**WORK TO BE COMPLETED:**
With the pictures left out, return exactly the lines from the one containing "reset pointer icon on white background" through the end of the listing below.

**AVAILABLE DATA:**
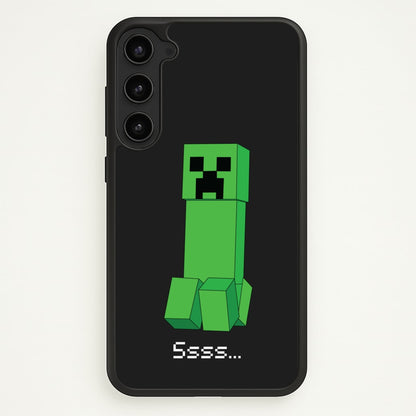 Creeper Standing  - Minecraft Phone Case for Galaxy S23 Plus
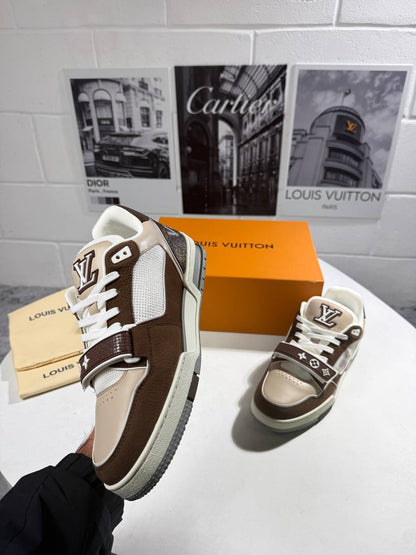 Louis Vuitton LV "Brown Beige" Men's Trainers Reps Sale UK Best Quality AAA Replica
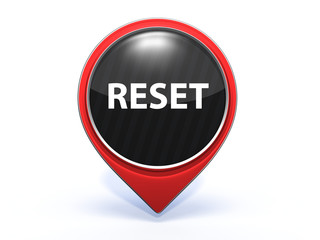 reset pointer icon on white background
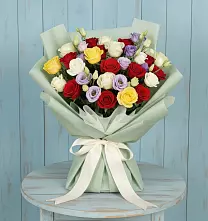 Букет цветов из:  Розы в Сармаково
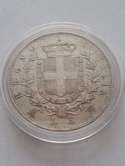 Włochy 5 Lir Emanuel II 1874 r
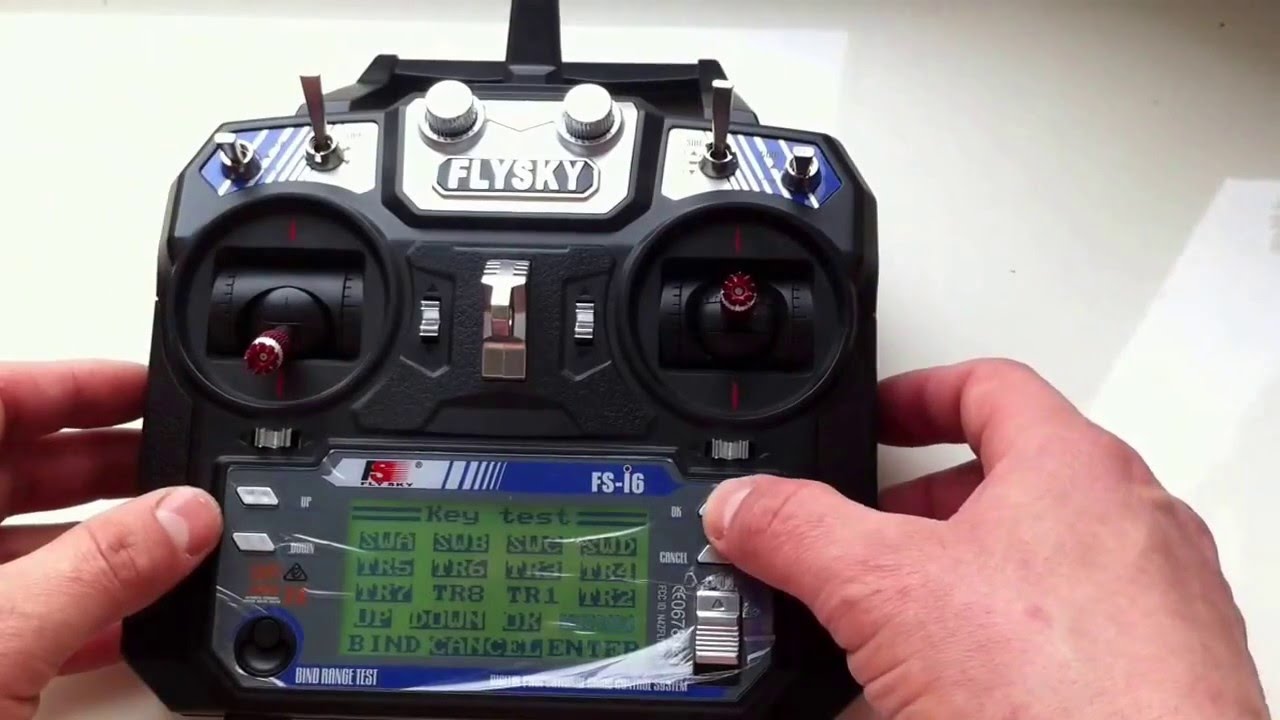 тест меню flysky i6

**ANSWER FOR THIS EXERCISE:**
 reset pointer icon on white background
 Букет цветов из:  Розы в Сармаково
 Włochy 5 Lir Emanuel II 1874 r
 тест меню flysky i6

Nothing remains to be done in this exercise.